Sunday - 4/21/2013, 2:51pm  ET

Shares of International Business Machines recently took a tumble, after the New York-based company reported earnings that missed analyst expectations on both its top and bottom lines. IBM, which has evolved from the personal computing giant that it was several decades ago into a streamlined software and services company, is widely considered a bellwether of the tech industry. Should investors fret over the company’s first quarter fumble, or is the stock’s post-earnings dip a good buying opportunity for value investors?

A first quarter fumble

For its first quarter, IBM earned $2.70 per share, or $3.07 billion, slightly up from the $2.61 per share, or $3.03 billion, it reported in the prior year quarter. Analysts polled by Thomson Reuters had expected the company to earn $3.05 per share.

Meanwhile, revenue fell 5% from $24.67 billion to $23.41 billion, barely topping the consensus estimate of $24.62 billion. This marks the company’s fourth consecutive quarter of declining revenue.

IBM attributed its disappointing decline in top and bottom line growth to fewer software and mainframe transactions, as well as a weaker Japanese yen. IBM generates approximately 10% of its revenue from Japan, where the yen has declined 18% during the quarter, due to the country’s aggressive monetary easing measures.

Macro problems in the United States, caused by spending cuts caused by the sequester, have forced government agencies to delay their investments in IT software, hardware, and services, which has also notably impacted earnings from Oracle, F5 Networks, Red Hat, Compuware and Infosys during the first quarter.
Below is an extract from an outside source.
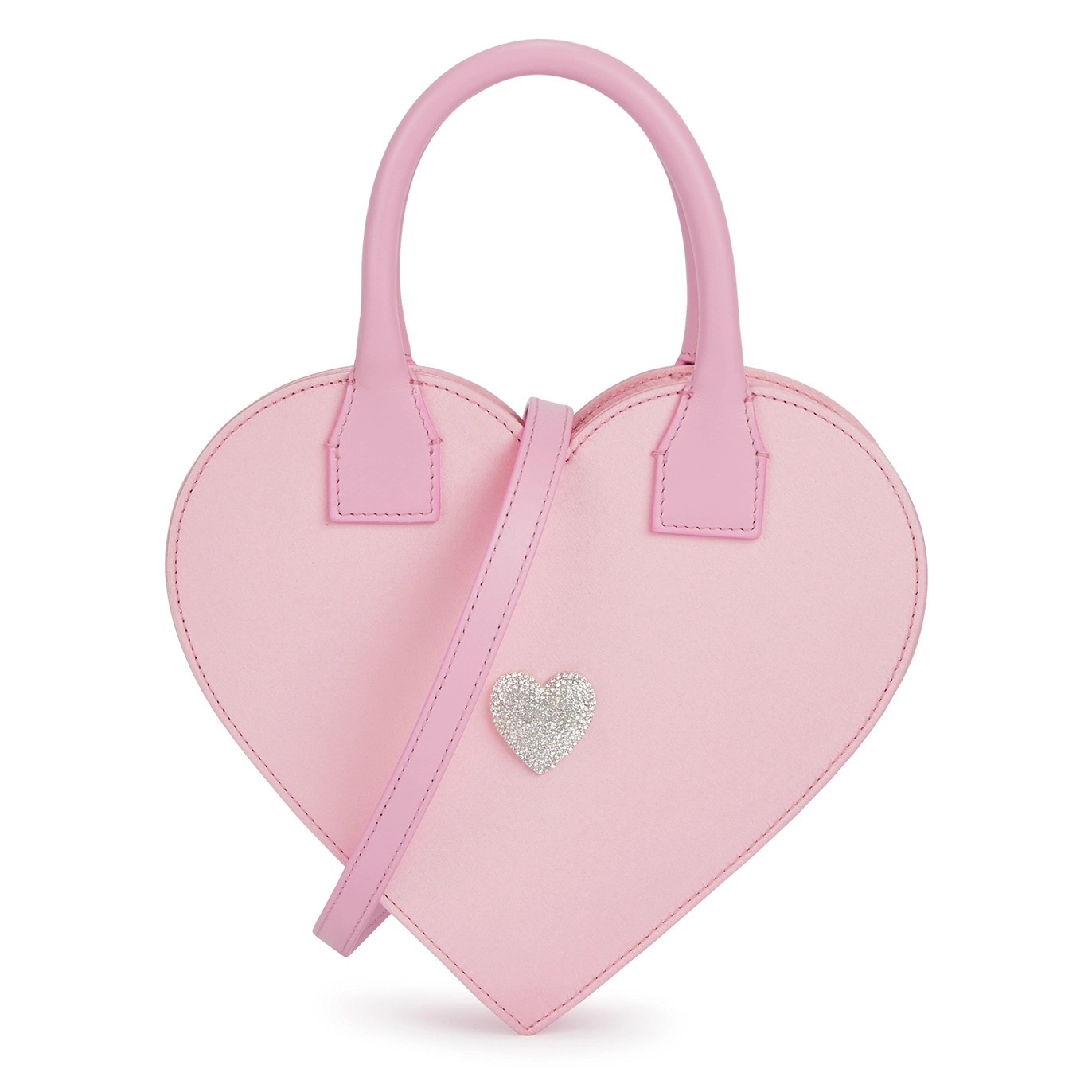 Mach & Mach Heart-shaped Satin Top Handle Bag - Light Pink | Harvey Nichols (Global)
Shifts in technology, especially the growing popularity of IT as a service (ITaaS), have changed the way IBM must approach its core business. ITaaS treats IT services as a commodity, and provides companies with a fixed amount of software, hardware and support services catered to a business’ individual needs, for a set monthly fee. This shift has decreased IT expenses for many companies, which now opt to hire ITaaS companies such as EMC to oversee their IT needs.

Sales growth

IBM generates its revenue from six main segments - technology services, business services, middleware software, operating systems, servers & storage and financing.

IBM’s largest business segment comes from its software services. Revenue at its services declined rose 4.0% year-over-year to $14.08 billion. Global technology services revenues declined 4.3% to $9.61 billion. Global business services revenues also slid 3.3% to $4.48 billion.

Meanwhile, sales of IBM’s middleware software products, which are used to connect two unrelated applications (such as database systems to web servers), grew 1.0% year-over-year to $3.5 billion. These applications include products such as WebSphere, Tivoli, social workforce solutions and Rational products. However, operating system sales slid 2.0% to $578.0 million.

IBM attributed these declines and anemic gains to economic uncertainties that kept certain software deals, worth roughly $400 million, from closing during the first quarter. However, its order backlog rose 1.0% year-over-year to $141.0 billion, which included 22 new service agreements worth $100.0 million. Therefore, although IBM’s first quarter numbers weren't too strong, its order backlog suggests that the rest of the year will be more favorable.

Hardware revenues, which include its servers and storage business, plunged 17.2% to $3.11 billion. IBM attributed the slide to product transitions and execution problems. Financing revenue, which comes from interest earned off financing plans for its IT services and products, rose 1.8% to $499.0 million.

Selling its server business

Although IBM’s physical x86 servers account for a relatively small part of its business (16.7% of 2012 revenue), the company still surprised Wall Street when it announced that it was in discussions to sell the struggling business to Chinese tech giant Lenovo (NASDAQOTH: LNVGY), the second largest personal computer company in the world after Hewlett-Packard . According to unnamed sources close to the deal, IBM wants $5 billion to $6 billion for the server business unit.

Most of Lenovo’s current success can be attributed to IBM, which sold its personal computer business to the Beijing, China-based company for $1.25 billion back in 2005. Adding physical servers to its product line would make it a serious threat in the enterprise world to Hewlett-Packard. Lenovo has increasingly gained ground against HP in the personal computers business over the past few years with its ThinkPad products.

Shedding its server business would make sense for IBM, since the division has posted annual declines in revenue ever since 2008, which offset gains from its higher-margin IT software and services segments. Considering that IBM’s sale of its personal computer segment to Lenovo came right before the PC industry crashed, I think investors should trust IBM’s decision.